On September 3, 2020, Tencent Security noticed that Jenkins issued its security advisory for September, which contained 14 CVE vulnerabilities (CVE-2020-2238, CVE-2020-2239, CVE-2020-2240, CVE-2020-2241, CVE-2020-2242, CVE-2020-2243, CVE-2020-2244, CVE-2020-2245, CVE-2020-2246, CVE-2020-2247, CVE-2020-2248, CVE-2020-2249, CVE-2020-2250, and CVE-2020-2251) with 10 plugins affected, including:
Build Failure Analyzer Plugin
Cadence vManager Plugin
database Plugin
Git Parameter Plugin
JSGames Plugin
Klocwork Analysis Plugin
Parameterized Remote Trigger Plugin
SoapUI Pro Functional Testing Plugin
Team Foundation Server Plugin
Valgrind Plugin
The following vulnerabilities are defined as high for severity:
CVE-2020-2248 (XSS vulnerability in JSGames Plugin)
CVE-2020-2247 (XXE vulnerability in Klocwork Analysis Plugin)
CVE-2020-2246 (XSS vulnerability in Valgrind Plugin)
CVE-2020-2245 (XXE vulnerability in Valgrind Plugin)
CVE-2020-2244 (XSS vulnerability in Build Failure Analyzer Plugin)
CVE-2020-2243 (Stored XSS vulnerability in Cadence vManager Plugin)
CVE-2020-2240 (CSRF vulnerability in database Plugin)
CVE-2020-2238 (Stored XSS vulnerability in Git Parameter Plugin)
Jenkins is an open-source automated middleware project based on Java for continuous integration and delivery and is commonly used in the development process. To avoid impact on your business, Tencent Security recommends you conduct a security inspection in time.
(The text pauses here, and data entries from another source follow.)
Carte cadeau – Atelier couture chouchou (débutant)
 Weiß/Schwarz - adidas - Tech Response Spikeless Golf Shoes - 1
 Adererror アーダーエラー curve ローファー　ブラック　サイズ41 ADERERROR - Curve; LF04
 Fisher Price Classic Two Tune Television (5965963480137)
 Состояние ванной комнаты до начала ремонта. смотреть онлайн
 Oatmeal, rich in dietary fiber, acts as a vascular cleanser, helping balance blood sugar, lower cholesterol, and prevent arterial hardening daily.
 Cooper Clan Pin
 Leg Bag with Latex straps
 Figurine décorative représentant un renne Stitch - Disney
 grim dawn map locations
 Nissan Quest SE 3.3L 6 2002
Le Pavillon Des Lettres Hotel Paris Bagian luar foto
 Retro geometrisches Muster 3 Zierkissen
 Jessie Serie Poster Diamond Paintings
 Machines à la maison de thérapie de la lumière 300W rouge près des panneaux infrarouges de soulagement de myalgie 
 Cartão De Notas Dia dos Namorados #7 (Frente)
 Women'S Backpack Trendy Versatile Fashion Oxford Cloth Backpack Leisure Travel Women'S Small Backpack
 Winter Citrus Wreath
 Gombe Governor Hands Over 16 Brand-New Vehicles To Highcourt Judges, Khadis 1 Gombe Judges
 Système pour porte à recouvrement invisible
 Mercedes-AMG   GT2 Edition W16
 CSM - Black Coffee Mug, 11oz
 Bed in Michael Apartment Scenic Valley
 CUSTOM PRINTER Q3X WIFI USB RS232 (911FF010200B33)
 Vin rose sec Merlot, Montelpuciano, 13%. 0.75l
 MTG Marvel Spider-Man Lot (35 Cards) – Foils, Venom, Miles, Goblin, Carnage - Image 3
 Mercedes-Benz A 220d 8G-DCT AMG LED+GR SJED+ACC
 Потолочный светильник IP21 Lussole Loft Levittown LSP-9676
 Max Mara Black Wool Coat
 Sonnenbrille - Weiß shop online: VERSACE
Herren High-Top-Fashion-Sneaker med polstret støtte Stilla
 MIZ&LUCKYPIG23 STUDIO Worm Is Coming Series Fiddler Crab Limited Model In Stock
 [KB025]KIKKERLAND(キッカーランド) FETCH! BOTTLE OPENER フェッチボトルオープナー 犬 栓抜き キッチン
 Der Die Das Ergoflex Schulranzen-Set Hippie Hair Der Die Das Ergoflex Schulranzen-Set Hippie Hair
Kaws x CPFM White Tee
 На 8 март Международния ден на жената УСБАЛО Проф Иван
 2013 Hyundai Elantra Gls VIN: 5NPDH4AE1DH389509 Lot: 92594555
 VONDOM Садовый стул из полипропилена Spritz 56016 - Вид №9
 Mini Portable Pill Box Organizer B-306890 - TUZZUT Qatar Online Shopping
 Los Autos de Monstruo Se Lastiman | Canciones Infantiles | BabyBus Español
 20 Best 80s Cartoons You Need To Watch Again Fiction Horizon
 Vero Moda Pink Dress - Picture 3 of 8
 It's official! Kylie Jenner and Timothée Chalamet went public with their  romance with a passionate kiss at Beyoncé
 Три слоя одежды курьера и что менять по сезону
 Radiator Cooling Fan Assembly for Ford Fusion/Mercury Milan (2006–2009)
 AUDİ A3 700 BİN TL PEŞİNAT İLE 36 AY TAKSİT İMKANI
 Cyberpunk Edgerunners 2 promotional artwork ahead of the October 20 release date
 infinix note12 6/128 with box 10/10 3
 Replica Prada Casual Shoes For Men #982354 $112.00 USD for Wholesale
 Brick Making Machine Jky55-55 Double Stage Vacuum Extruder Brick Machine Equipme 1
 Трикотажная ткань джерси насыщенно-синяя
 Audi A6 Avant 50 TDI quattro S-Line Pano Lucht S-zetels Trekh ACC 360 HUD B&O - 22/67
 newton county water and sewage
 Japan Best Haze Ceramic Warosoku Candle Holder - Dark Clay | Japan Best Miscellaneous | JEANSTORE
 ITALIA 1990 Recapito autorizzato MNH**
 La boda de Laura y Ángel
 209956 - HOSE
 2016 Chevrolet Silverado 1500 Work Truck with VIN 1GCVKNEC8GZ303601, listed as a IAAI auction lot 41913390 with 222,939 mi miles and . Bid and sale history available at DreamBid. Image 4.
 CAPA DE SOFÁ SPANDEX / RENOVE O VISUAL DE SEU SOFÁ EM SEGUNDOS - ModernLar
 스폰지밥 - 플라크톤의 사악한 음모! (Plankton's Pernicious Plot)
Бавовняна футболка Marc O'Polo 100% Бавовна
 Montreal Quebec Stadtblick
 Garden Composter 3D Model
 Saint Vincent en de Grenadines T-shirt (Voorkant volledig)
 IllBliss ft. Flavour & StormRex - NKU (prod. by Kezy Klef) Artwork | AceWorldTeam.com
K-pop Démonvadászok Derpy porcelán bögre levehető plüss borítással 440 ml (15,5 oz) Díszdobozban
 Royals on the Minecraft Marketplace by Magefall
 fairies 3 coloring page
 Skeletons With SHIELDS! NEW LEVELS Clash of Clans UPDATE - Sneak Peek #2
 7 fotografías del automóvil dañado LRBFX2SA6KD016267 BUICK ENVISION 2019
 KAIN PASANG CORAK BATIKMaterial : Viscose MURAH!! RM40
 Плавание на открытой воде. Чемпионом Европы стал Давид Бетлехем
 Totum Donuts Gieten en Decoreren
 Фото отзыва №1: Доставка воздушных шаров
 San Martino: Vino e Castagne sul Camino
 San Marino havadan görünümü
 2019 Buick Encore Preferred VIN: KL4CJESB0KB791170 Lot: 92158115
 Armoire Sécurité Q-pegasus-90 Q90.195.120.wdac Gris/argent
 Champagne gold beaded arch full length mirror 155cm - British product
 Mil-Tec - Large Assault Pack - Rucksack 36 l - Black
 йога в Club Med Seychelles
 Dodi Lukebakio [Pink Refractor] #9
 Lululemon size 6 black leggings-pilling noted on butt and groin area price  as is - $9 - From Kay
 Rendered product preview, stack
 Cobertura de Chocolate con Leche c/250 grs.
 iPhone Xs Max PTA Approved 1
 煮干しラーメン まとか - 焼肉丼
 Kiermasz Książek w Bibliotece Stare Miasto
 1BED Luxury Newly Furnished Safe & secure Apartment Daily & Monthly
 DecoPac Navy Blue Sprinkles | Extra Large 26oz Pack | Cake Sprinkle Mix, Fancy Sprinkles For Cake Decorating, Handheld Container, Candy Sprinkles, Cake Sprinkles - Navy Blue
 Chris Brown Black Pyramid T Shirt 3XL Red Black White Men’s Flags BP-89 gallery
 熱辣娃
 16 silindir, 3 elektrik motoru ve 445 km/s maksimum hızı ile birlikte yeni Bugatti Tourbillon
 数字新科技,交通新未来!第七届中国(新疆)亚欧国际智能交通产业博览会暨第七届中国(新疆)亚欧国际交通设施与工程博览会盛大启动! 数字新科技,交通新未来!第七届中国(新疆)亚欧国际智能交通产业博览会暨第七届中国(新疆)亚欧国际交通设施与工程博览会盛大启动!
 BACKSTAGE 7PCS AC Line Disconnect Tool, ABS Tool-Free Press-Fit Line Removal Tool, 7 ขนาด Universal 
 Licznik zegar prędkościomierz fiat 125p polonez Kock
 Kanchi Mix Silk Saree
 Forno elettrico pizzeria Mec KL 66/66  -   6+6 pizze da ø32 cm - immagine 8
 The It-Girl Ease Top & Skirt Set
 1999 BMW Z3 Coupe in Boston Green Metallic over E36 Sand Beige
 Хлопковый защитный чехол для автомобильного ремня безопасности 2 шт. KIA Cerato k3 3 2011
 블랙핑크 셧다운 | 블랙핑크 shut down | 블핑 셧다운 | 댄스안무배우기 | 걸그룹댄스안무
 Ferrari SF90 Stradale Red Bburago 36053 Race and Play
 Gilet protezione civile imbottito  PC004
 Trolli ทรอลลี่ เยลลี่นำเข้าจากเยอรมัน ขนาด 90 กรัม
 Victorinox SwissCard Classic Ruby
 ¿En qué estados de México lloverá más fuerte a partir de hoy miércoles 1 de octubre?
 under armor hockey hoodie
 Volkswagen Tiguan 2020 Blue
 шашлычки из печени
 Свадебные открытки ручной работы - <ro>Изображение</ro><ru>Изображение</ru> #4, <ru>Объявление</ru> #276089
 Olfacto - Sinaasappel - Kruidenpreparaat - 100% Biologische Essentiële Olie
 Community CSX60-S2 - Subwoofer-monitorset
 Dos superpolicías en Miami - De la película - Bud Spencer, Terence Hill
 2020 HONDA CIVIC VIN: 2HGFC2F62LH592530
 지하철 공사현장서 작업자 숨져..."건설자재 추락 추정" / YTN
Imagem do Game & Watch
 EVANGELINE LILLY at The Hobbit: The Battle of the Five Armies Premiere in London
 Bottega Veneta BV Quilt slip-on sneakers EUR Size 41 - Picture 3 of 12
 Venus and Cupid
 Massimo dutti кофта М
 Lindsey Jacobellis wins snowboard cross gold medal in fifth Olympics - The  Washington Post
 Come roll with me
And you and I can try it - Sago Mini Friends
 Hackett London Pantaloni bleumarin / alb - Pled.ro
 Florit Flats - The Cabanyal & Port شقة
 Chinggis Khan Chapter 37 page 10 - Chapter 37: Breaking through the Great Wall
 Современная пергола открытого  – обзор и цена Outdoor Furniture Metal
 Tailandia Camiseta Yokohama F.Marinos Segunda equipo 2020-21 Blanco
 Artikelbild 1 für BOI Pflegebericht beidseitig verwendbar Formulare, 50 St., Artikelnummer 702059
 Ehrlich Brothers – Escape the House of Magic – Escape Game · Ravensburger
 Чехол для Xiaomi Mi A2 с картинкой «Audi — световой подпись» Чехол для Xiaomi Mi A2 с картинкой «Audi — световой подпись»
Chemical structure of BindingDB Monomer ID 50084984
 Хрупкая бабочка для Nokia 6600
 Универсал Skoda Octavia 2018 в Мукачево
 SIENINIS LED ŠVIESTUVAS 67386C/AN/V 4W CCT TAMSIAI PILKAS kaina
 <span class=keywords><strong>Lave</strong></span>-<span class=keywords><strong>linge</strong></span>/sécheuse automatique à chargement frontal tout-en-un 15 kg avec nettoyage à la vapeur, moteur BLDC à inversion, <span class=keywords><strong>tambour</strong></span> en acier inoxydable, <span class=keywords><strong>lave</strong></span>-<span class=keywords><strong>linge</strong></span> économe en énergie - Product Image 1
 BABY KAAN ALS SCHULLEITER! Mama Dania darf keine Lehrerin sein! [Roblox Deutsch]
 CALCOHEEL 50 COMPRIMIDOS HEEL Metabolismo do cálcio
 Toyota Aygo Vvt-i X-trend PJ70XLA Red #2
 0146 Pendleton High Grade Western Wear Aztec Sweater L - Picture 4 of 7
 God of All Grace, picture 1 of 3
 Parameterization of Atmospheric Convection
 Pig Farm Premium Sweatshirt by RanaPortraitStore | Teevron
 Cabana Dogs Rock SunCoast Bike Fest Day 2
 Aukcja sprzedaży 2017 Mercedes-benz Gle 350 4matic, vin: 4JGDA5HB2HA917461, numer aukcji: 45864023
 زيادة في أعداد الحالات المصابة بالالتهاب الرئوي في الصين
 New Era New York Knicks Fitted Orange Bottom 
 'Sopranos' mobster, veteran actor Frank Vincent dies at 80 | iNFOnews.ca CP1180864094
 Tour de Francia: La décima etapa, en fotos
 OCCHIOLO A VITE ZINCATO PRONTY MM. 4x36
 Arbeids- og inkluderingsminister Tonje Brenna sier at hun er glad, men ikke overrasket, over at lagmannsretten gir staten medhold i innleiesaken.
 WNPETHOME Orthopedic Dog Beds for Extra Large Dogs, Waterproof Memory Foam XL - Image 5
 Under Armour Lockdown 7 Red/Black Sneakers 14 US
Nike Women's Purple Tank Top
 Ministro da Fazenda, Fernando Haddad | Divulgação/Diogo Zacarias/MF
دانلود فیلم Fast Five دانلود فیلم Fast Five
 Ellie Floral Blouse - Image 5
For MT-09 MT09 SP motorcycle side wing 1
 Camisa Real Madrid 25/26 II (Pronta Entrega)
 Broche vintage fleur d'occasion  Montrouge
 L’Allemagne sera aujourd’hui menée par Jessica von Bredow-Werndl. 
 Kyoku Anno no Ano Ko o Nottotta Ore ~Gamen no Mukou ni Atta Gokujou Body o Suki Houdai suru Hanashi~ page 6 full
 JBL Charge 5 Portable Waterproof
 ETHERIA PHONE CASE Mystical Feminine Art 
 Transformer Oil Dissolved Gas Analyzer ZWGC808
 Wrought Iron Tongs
If your business is affected, update and fix the vulnerabilities promptly to prevent intrusions by attackers. As some vulnerabilities have no fixes yet, we recommend you use Tencent Cloud WAF for defense.
Vulnerability Details
Stored XSS vulnerability in Git Parameter Plugin (CVE-2020-2238)
Git Parameter Plugin 0.9.12 and earlier do not escape the repository field on the "Build with Parameters" page. This results in a stored cross-site scripting (XSS) vulnerability exploitable by attackers with Job/Configure permission.
This vulnerability is fixed on Git Parameter Plugin 0.9.13.
Secret stored in plaintext by Parameterized Remote Trigger Plugin (CVE-2020-2239).
Parameterized Remote Trigger Plugin 3.1.3 and earlier store a secret in plaintext.
CSRF vulnerability in database Plugin (CVE-2020-2240)
database Plugin 1.6 and earlier do not require POST requests for the database console, resulting in a cross-site request forgery (CSRF) vulnerability. This vulnerability allows attackers to execute arbitrary SQL scripts.
CSRF vulnerability and missing permission checks in database Plugin (CVE-2020-2241 (CSRF), CVE-2020-2242 (permission check)).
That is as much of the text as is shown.